According to him, for the 2015 financial year, turnover grew by 43 per cent to N16.2 billion, while profit after tax rose 11 per cent to N2.1 billion.
“The overall financial stability continued to remain strong with N2.5 billion of cash and its equivalents as reserves. We achieved this by becoming more customer focused, managing our costs and improving our efficiencies,” he said. Dangote resigned as the chairman of the company at the AGM.

New chairman
Mrs. Yemisi Ayeni is the new chairman of Nascon. Ayeni is the immediate past Managing Director of Shell Nigeria Closed Pension Fund Administration Limited, a position she held for 10 years. She was recently appointed a non-executive director on the board of Stanbic IBTC Pension Managers Limited. A graduate of Accounting and Business Finance from the University of Manchester, United Kingdom, she is also a member of the Institute of Chartered Accountants in England and Wales. In her address to the shareholders, Ayeni said it was an honour to succeed Dangote.
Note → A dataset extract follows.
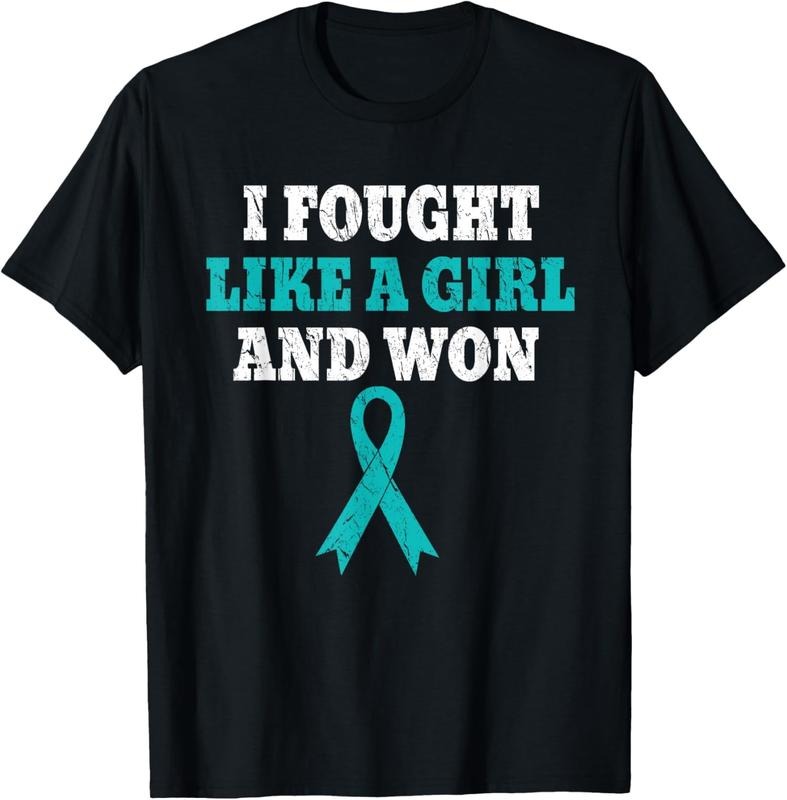 [100% Cotton]I Fought Like Girl Won Ovarian Cancer Survivor T-Shirts, Hoodie, Sweatshirt - T-Shirt, Sweatshirt, Hoodie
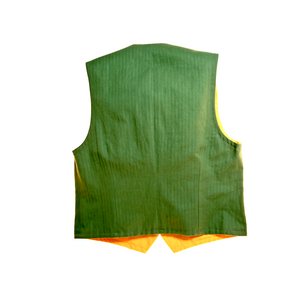Wendeweste CottonTwill steirischgrün mit orangegelb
According to her, Dangote’s passionate and dedicated leadership has re-positioned Nascon as not just undisputed market leader in salt refining and distribution but also a producer of other food-related products.

Ayeni said going forward, the company would continue to invest appropriately in existing and new products lines to achieve its strategy of growing revenues within the context of improved profit margins and enhanced shareholder returns.
“We will ensure we conclude ongoing plant upgrades that will enhance the efficiency of the production lines and guarantee consistently high product standards,” Ayeni said.

Performance forecast
Considering some favourable factors including large and increasing market size, favourable federal government policy, leverage on existing distribution network, positive brand image, relationship with numerous subsidiaries and related companies, increased volume and prices and diversification into other products, FSDH has made a robust forecast for the company’s future performance.

According to the analysts, looking at the company’s medium and long-term outlook, they are of the opinion that the impact of the factors would be higher on both the revenue and the profitability of the company.

“We therefore estimate a turnover of N21.87 billion, N30.22 billion, N43.27 billion, N59.37 billion and N80.85 billion for the periods ending December 2016, 2017, 2018, 2019 and 2020,” they said. The analysts projected PBT of N3.45 billion, N5.35 billion, N7.92 billion, N10.89 billion and N14.84 billion and PAT of N2.33 billion, N3.61 billion, N5.35 billion, N7.35 billion, and N10.03 billion for the respective years.